What happened to the Armenian “international communications army” could happen to anyone. The reality is that once they are sent and published, tweets and posts, articles and newscasts also belong to the realm of what is. They become facts. They exist to be read and seen. They elicit powerful emotional responses: the need to engage with them. They are also dangerous. Like prestidigitators, tweets and posts, articles and newscasts, blaring propaganda can direct the attention of those who react to them to themselves, to the unreal, the non-essential, the false. They can convince people that the real danger lies in the report and not in something that exists independently of it, that the real enemy is the one whom the reporter reports and not the reporter himself who reports it. Speakers and reporters can so thoroughly engage the public that they can make it a willing participant in its own defeat. Is this not what happened to Eve, when the serpent reframed the fruit command?

As it was for Eve, it was what is—and not what was said about it—that determined the outcome of the war. The first Christian nation is now feeling lost and betrayed, wondering what really happened. She is in a dangerous place.

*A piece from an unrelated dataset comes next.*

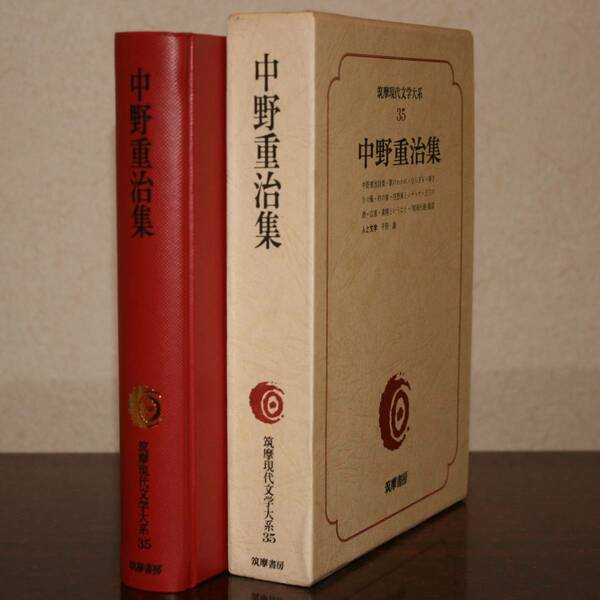 筑摩現代文学大系　３５　筑摩書房　中野重治　集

The Armenians teach a painful lesson about the dangers inherent in today’s war.

Our beloved nation is engaged in war much like the Armenians’. We too are being submerged by a cataract of articles, newscasts, declarations whose intent, it seems, is to stir us up in a frenzy and distract us from the real events that are taking place on the ground around us and in ourselves.

There is no need to give a detailed account of how we got into our current agitated state. Distanced as we all are from each other, we all followed the elections that night with the hopes that we could finally put an end to this nonsense that has been plaguing us since March. As we listened to the experts’ projections of the winners, we were all regaled with abrupt unintelligible calls for Arizona and the House and odd refusals to call Texas, North Carolina, and Alaska. In the following days, we all watched the media report inexplicable jumps in the numbers of ballots tallied and saw large margins magically shrink. We all heard the sudden Saturday announcement that the incumbent had lost and that a barrage of European politicians had rushed to congratulate the “presumptive winner” of the American elections. We all see that petitions have been filed to challenge the results, that recounts are underway, that different websites report different outcomes, that some races have still not been called. We are all confused. Our imaginations are going wild.

So starved are we now for certitude, for justice, to contribute to putting an end to this seemingly impossible situation, that like the Armenians we are letting our attention be captured by what is broadcast about the elections and the world. This is precisely what we cannot do. We cannot and must not lose sight of what is. Rather than stalking the internet, we must calm down and ask ourselves (and each other) what is real and what is not, what is essential and what is not, what is reasonable and what is not, who can really do what in our nation. As unbelievable as this might sound, the news media is not in the business of certifying elections. What they report is not what is. They are not reporting the real war, they are participating in it.

May we all come together on that day and remember two things: it ain’t over till the fat lady sings and Domini est terra—the earth is the Lord’s. It was in the beginning, is now, and ever shall be.